Fasten your seat belts, though. The 20-minute drive from San Juan del Sur south to Coco Beach winds along a spine-fusing dirt road. Plans call for that road, over the next few years, to become a paved coastal thoroughfare connecting Nicaragua and Costa Rica.

For now, the bumpy camino is festooned with a canopy of tropical trees that serve as a playground for howler monkeys and screeching parrots. Four-wheel-drive vehicles scramble around ox- and mule-drawn carts carrying fruits and construction supplies.

New developments dot the way, including Las Fincas de Escamequita, an eco-friendly community of 1- to 5-acre acre parcels for sale from $65,000. Homes will be solar-powered and feature other green amenities. Owner Donn Wilson, from Solano Beach in San Diego County, has set aside an additional 450 acres as a wilderness reserve.

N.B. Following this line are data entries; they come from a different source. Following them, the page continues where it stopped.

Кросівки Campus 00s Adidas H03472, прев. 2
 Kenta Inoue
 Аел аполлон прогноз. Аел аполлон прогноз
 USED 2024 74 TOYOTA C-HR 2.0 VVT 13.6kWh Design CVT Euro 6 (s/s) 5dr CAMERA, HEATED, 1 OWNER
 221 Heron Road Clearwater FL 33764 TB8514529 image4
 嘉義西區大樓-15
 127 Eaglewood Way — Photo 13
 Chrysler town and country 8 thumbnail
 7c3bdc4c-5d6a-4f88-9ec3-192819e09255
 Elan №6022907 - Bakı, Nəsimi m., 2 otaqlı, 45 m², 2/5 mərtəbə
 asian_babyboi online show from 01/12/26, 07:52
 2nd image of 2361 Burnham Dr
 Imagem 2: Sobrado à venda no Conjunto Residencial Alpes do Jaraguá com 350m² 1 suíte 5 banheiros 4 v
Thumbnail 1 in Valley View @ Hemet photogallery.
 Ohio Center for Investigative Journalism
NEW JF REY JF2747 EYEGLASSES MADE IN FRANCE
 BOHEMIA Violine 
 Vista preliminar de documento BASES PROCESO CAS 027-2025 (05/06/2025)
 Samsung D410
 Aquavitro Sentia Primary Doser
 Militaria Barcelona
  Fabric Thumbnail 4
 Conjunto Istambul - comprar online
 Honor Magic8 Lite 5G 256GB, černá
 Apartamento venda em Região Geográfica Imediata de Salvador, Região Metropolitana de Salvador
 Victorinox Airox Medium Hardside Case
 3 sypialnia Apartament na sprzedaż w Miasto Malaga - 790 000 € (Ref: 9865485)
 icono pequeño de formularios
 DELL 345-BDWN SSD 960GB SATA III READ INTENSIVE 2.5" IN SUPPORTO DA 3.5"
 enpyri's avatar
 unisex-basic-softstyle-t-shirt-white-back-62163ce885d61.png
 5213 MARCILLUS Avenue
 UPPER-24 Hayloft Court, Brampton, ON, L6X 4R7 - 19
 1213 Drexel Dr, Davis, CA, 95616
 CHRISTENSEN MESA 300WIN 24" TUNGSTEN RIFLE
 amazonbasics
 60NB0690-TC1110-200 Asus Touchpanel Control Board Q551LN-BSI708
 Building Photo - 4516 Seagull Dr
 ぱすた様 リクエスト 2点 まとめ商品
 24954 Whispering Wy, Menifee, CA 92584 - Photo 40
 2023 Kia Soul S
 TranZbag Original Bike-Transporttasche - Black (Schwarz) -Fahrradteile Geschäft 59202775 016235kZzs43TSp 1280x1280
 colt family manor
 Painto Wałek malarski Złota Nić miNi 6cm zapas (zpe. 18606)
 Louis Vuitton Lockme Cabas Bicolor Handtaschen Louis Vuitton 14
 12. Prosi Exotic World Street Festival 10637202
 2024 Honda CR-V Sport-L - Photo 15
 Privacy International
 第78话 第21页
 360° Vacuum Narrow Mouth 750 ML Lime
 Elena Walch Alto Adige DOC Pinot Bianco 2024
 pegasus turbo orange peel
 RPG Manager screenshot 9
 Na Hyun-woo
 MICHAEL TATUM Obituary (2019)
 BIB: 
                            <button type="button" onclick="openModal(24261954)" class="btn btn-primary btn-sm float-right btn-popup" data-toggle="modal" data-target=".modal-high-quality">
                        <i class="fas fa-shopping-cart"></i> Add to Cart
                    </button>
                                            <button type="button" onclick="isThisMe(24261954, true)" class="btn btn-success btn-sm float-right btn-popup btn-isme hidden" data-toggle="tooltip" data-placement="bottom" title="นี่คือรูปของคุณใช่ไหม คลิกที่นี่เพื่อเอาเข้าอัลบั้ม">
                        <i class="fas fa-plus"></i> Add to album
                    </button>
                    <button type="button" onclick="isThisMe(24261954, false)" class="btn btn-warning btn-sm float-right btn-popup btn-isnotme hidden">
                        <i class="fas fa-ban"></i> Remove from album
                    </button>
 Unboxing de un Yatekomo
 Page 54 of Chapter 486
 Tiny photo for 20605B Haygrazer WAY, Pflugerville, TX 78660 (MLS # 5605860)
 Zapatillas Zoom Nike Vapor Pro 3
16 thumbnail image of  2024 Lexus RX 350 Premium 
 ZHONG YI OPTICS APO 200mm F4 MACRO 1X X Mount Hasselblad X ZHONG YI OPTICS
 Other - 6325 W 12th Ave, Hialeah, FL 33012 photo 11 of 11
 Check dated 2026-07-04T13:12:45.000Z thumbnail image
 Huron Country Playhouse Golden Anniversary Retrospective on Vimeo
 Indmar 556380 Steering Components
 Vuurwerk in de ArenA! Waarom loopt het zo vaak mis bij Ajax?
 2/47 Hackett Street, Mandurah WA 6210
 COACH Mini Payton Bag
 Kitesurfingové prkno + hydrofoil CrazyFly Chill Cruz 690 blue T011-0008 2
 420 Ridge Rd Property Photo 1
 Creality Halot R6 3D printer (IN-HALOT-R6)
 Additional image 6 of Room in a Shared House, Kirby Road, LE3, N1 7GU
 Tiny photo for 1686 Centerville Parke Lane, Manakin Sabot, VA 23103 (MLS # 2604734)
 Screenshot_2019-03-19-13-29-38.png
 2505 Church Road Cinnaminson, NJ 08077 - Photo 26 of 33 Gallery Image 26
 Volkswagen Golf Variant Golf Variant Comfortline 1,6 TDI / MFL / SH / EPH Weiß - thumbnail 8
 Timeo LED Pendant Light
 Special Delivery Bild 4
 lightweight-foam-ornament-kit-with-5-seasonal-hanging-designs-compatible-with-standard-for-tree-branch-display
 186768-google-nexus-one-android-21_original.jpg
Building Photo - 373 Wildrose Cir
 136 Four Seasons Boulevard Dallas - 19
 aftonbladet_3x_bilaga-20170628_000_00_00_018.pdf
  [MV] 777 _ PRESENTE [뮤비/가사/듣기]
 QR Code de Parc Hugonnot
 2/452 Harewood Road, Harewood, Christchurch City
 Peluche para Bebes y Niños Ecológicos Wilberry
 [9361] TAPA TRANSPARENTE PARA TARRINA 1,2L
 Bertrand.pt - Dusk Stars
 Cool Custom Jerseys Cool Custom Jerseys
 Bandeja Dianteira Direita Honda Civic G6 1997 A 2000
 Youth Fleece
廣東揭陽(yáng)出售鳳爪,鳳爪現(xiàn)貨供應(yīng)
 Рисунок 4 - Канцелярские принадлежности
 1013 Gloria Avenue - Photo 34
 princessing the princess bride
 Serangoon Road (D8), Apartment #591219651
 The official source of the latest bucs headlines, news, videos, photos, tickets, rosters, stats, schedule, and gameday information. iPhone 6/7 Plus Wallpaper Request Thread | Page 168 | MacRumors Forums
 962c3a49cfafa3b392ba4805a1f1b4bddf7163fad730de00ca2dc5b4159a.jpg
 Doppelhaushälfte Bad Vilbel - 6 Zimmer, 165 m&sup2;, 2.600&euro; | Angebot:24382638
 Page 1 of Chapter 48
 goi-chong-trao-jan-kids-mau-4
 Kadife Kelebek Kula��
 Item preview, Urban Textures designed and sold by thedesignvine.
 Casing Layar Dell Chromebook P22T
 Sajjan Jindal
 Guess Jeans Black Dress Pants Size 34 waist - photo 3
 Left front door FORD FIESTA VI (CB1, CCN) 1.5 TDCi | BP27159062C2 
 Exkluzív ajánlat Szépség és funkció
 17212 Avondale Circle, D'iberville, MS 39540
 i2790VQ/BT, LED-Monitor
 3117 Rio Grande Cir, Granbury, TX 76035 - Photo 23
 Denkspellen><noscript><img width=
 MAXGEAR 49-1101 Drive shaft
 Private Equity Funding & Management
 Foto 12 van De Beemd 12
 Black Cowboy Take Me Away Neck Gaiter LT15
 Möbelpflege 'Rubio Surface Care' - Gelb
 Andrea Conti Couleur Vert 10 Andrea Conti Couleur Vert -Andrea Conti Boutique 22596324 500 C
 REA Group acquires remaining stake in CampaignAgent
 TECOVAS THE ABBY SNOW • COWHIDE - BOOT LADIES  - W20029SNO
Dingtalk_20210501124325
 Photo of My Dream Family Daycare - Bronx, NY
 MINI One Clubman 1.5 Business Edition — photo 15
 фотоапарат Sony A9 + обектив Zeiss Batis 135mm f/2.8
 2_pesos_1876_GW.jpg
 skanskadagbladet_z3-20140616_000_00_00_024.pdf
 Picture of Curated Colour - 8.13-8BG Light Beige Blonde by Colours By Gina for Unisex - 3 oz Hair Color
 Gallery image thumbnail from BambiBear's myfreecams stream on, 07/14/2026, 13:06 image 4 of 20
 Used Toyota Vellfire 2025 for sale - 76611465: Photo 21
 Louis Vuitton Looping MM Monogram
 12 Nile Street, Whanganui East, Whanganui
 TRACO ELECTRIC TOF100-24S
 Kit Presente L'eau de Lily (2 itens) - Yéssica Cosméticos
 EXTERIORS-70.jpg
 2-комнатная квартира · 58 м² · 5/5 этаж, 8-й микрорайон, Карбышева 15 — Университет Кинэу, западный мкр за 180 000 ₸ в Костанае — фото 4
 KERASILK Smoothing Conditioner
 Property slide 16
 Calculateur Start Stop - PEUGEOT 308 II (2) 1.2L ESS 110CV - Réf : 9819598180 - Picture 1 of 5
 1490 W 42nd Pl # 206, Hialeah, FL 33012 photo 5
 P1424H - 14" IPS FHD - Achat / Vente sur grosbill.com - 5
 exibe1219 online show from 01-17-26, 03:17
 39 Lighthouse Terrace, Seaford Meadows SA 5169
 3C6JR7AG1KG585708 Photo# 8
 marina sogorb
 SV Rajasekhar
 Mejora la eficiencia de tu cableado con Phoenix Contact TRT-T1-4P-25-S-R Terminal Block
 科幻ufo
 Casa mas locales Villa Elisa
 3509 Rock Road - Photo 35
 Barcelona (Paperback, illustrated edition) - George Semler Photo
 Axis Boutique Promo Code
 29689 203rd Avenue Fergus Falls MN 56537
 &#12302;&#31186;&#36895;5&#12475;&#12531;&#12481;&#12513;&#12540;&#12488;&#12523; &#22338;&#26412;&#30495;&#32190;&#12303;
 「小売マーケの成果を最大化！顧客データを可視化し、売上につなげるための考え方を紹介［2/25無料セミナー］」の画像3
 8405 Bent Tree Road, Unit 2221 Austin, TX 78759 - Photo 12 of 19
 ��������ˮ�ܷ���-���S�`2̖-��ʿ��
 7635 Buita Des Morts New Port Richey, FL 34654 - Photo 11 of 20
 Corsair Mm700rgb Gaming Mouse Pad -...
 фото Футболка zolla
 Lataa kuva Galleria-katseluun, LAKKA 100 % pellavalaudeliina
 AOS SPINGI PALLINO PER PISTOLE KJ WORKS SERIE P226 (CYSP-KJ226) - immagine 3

Despite the widespread perception of Nicaragua as politically chaotic, the nation has enjoyed peace and the constitutional democracy for more than 16 years. The Sandinistas won the election last November, making their longtime leader, Daniel Ortega, president again. This is, apparently, a new Ortega who is promising economic prosperity through foreign investment and tourism, a distinct change from the principles under which his last regime operated. Still, poverty remains a major issue — Nicaragua is the second-poorest nation in the Western Hemisphere, according to the U.S. State Department — and unemployment is at 17%.